About a year ago, in the exact same theater space, I saw Her Honor Jane Byrne. It’s a brilliant piece by a uniquely voiced writer, my dear pal J. Nicole Brooks, whose plays are often fantasias that use real world events, both personal and historical, to launch into something surreally transcendent. One of the reasons I like genre storytelling – sci-fi, fantasy, superheroes, all that stuff – is that realism shows what something is, but these genres can convey how something feels. In Her Honor, and in other works (like her new show 1919, now playing at Steppenwolf), Nicky accomplishes both, and it makes her storytelling rare and precious.

A lot happens in Her Honor Jane Byrne, more than I can convey here, but one moment in particular thunderbolted into my memory last night while I watched What To Send Up. I’d never seen Willie “Prince Roc” Round perform before Her Honor, but his commanding presence as a character simply and universally named Kid, had already worked its way into my core when, with only a few gut-wrenching seconds of dread preceding it, Kid is shockingly gunned down.

Now it’s a year later, same space, same actor playing another young black man who is being murdered on stage, and I am watching his character die not instantaneously but gradually, over many minutes, his death woven throughout the fabric of other stories of Black lives demeaned and ended, absorbing the rush of his end-of-existence thoughts as life literally bleeds away. By giving time and space to this specific individual death, it embodies countless lives and an entire People’s worth of hurt, loss and confusion, and by weaving it through and around the other stories it ultimately pulls all the characters, and I imagine the actors enlivening them, together in a moment of howling rage.

I will always be grateful for the chance to connect this extraordinary sequence in What To Send Up with the devastating moment in Her Honor Jane Byrne. I’m blessed that these two shows live together in my mind. Each informs the other, makes the other resonate more deeply, allows me to process more wholly and makes me glad they both live in my world.

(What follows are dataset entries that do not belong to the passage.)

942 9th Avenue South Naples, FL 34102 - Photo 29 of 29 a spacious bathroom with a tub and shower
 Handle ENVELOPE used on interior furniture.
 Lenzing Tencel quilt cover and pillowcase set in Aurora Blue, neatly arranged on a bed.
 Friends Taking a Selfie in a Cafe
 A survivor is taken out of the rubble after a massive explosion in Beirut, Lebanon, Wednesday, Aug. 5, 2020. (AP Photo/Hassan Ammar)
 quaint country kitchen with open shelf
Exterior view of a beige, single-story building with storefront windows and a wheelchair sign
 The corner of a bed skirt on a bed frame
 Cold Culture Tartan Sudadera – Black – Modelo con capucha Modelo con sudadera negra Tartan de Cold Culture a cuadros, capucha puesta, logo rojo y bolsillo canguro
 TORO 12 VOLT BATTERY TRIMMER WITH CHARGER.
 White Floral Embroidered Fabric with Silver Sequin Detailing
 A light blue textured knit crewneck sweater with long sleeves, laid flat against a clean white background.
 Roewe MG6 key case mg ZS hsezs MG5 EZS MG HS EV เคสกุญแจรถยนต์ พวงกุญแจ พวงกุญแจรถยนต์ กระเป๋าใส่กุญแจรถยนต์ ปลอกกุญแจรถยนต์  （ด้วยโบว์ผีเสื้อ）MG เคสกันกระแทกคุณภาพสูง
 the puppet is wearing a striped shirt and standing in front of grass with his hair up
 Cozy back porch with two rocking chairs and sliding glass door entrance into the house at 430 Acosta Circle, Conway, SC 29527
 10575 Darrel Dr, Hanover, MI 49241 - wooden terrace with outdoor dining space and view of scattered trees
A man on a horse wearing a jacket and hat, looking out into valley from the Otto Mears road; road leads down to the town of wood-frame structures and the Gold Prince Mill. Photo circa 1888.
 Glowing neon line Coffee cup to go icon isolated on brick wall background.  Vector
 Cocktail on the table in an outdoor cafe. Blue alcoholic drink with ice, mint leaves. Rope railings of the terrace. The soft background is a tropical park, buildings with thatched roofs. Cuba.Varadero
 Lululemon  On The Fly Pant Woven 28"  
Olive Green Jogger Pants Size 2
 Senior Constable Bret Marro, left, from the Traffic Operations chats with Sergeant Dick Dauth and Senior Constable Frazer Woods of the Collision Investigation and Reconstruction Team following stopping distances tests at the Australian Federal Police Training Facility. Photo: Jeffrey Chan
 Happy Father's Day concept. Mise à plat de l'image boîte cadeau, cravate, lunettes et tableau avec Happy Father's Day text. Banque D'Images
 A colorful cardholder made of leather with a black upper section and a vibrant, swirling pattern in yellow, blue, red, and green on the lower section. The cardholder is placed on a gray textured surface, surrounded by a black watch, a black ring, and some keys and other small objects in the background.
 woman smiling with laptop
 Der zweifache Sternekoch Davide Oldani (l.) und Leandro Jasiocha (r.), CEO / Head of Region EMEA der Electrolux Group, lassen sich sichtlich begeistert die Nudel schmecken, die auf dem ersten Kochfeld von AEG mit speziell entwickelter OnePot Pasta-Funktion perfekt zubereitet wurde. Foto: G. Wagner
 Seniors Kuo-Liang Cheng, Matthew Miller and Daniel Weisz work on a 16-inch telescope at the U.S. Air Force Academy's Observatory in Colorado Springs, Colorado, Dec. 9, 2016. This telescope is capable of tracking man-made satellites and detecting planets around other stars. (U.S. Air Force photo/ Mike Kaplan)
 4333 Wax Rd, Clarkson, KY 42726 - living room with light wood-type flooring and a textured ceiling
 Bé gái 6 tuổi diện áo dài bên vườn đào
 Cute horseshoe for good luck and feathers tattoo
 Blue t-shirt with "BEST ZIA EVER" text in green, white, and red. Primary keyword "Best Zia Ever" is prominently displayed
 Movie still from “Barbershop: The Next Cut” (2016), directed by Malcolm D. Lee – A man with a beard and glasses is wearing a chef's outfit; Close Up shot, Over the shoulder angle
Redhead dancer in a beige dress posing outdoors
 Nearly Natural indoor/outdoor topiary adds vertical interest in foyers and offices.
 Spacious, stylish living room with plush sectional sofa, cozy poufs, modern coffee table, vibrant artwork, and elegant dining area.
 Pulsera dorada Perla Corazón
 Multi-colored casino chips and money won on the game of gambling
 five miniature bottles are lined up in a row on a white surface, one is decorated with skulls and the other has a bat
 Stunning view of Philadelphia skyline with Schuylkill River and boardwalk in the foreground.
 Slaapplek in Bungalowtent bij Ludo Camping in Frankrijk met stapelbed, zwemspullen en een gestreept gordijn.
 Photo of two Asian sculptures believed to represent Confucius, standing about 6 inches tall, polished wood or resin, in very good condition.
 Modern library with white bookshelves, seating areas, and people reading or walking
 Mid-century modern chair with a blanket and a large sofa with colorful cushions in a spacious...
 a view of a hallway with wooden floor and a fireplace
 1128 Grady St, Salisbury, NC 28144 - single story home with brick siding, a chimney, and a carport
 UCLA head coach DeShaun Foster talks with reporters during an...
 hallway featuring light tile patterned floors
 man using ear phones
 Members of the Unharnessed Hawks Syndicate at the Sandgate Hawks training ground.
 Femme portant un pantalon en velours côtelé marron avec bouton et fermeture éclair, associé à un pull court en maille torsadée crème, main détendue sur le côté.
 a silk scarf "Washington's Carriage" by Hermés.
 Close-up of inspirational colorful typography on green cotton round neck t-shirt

I’m also humbled by the thought that while I take personal satisfaction in the idea that I’ve introduced these two living breathing pieces of art to each other, the reality is that they need no introduction. They have known each other for a very long time.

A quick post-script.

Seeing What To Send Up was the first of two shows I saw last night. For months, I’ve had a ticket to The Who’s Hits Back tour, having immediately grabbed a ticket over the summer with the gnawing feeling that this was my last chance to see them. As I am married with two stepkids, nights out are relatively rare, and so when I realized that my only chance to see What To Send Up would be the same night The Who were playing, I decided to see the play first and then head over to the United Center and catch whatever songs The Who had yet to play.

Cost of the ticket and love for the band notwithstanding, it felt like the right way to prioritize the performances. Few things scream out white privilege like “I’ve got a ticket to see The Who perform live with a symphony orchestra, and small as the gesture is in the grand scheme of things, it felt meaningful.

A few years ago, The Who recorded a new track called “Be Lucky,” a title which lead singer Roger Daltrey has used the title as a bit of a mantra. After The Who closed the show with a rousing “Baba O’Riley” and the band linked arms to say goodnight to a rapturous crowd, Daltrey exhorted the crowd to “Be Lucky.”

If you’re in a crowd for a Who show, lucky is something you likely already are and can afford to feel. Pete Townshend’s songs for himself and The Who are masterful and I love them, even as most gaze inward with a particular kind of angst, but you have to be lucky in a way that many of the characters I witnessed in What To Send Up and Her Honor Jane Byrne.

In my mind, I’ve introduced The Who’s concert to these two breathtaking pieces of Chicago theater. They had not previously met, and they are having quite a conversation.